⟨

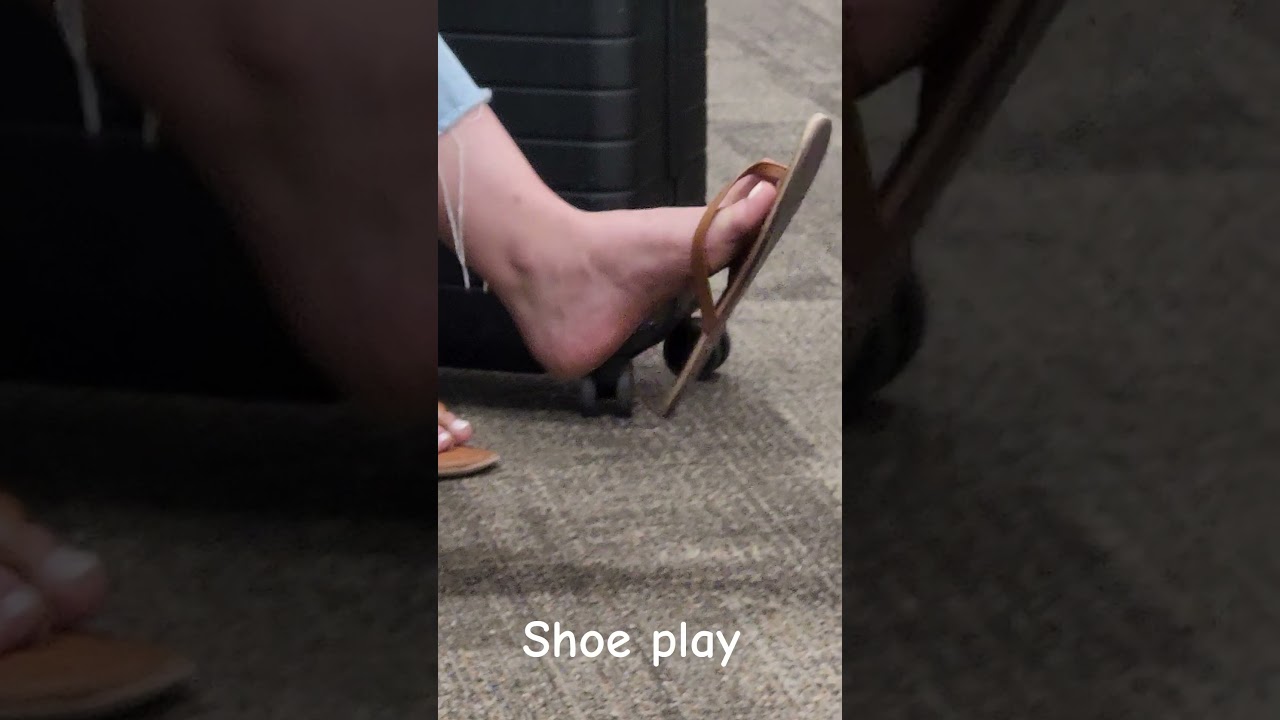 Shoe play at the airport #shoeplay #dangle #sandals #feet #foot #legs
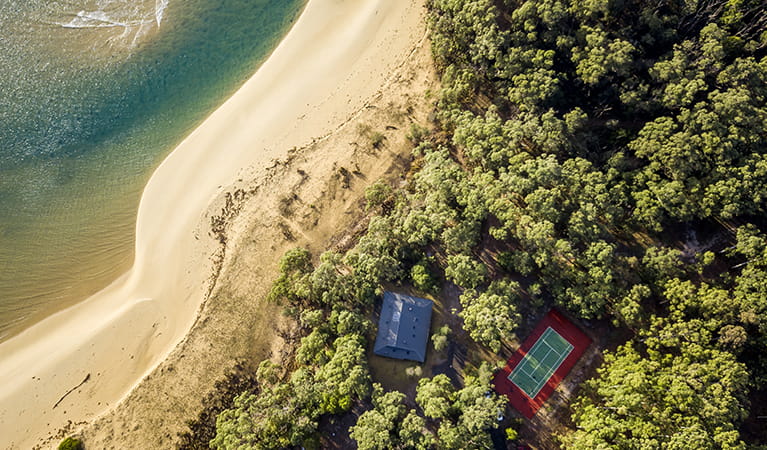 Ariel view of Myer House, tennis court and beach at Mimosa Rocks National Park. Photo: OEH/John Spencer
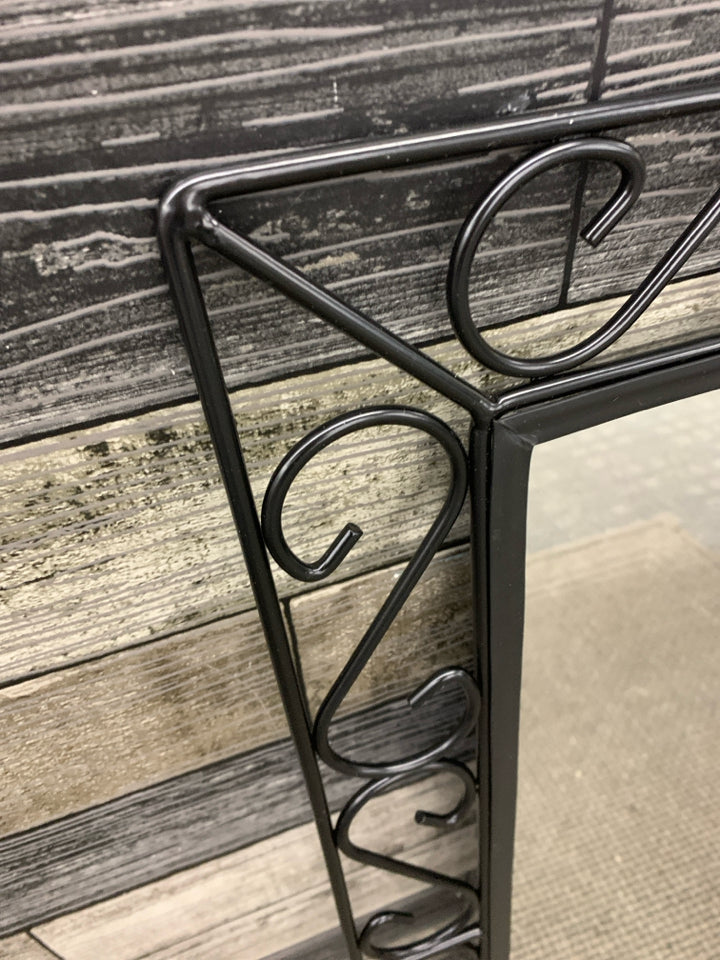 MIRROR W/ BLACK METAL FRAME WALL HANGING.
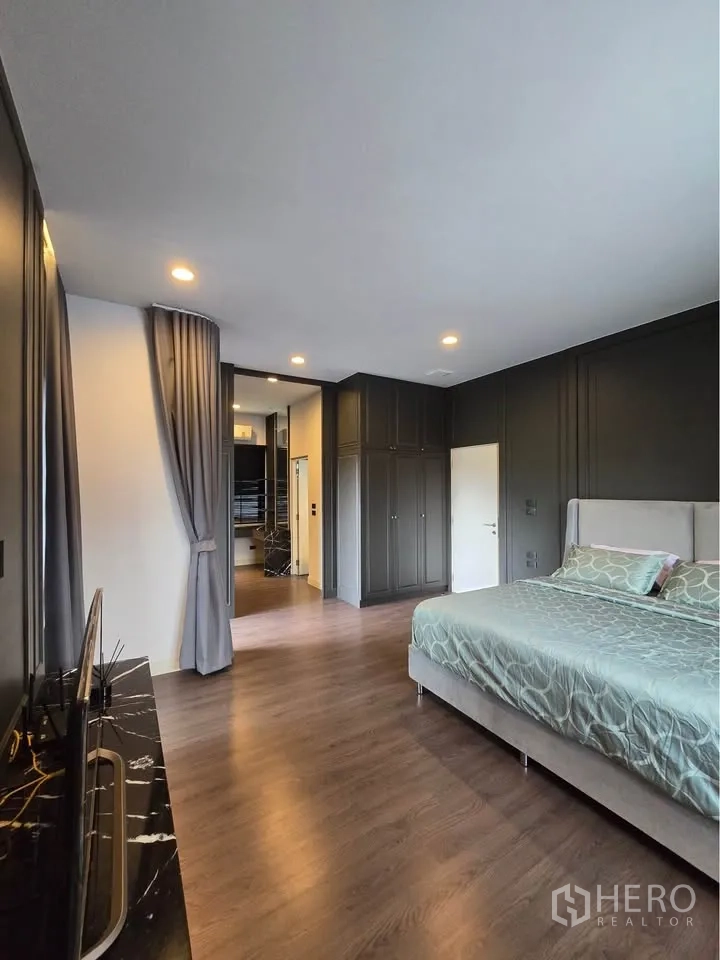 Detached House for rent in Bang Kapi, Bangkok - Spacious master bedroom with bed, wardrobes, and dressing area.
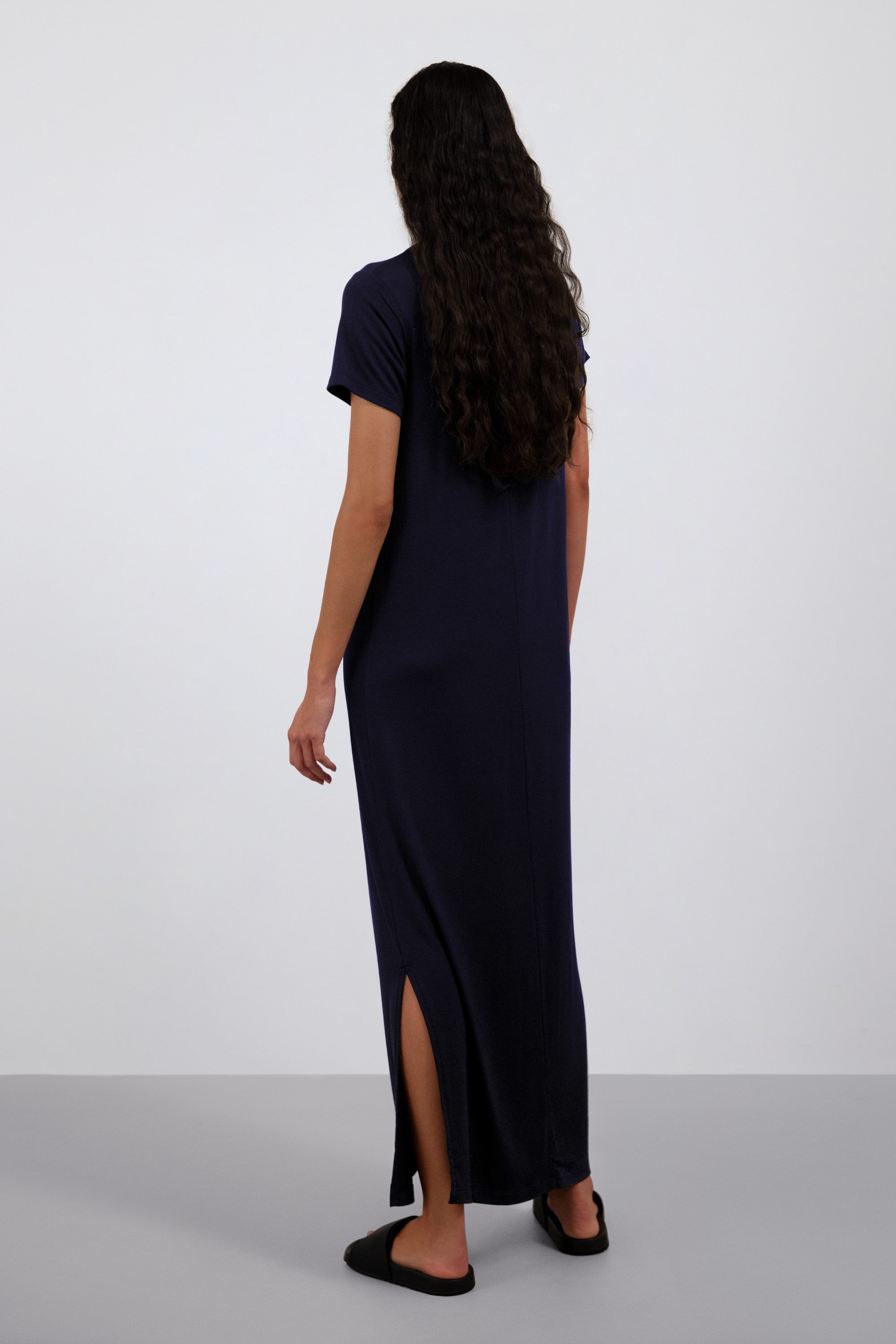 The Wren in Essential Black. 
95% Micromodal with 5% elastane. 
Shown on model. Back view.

⟩

→ Instructions for the task: Copy every line of the listing above exactly. Leave each picture out.

→ Response area:
 Shoe play at the airport #shoeplay #dangle #sandals #feet #foot #legs
 Ariel view of Myer House, tennis court and beach at Mimosa Rocks National Park. Photo: OEH/John Spencer
 MIRROR W/ BLACK METAL FRAME WALL HANGING.
 Detached House for rent in Bang Kapi, Bangkok - Spacious master bedroom with bed, wardrobes, and dressing area.
 The Wren in Essential Black. 
95% Micromodal with 5% elastane. 
Shown on model. Back view.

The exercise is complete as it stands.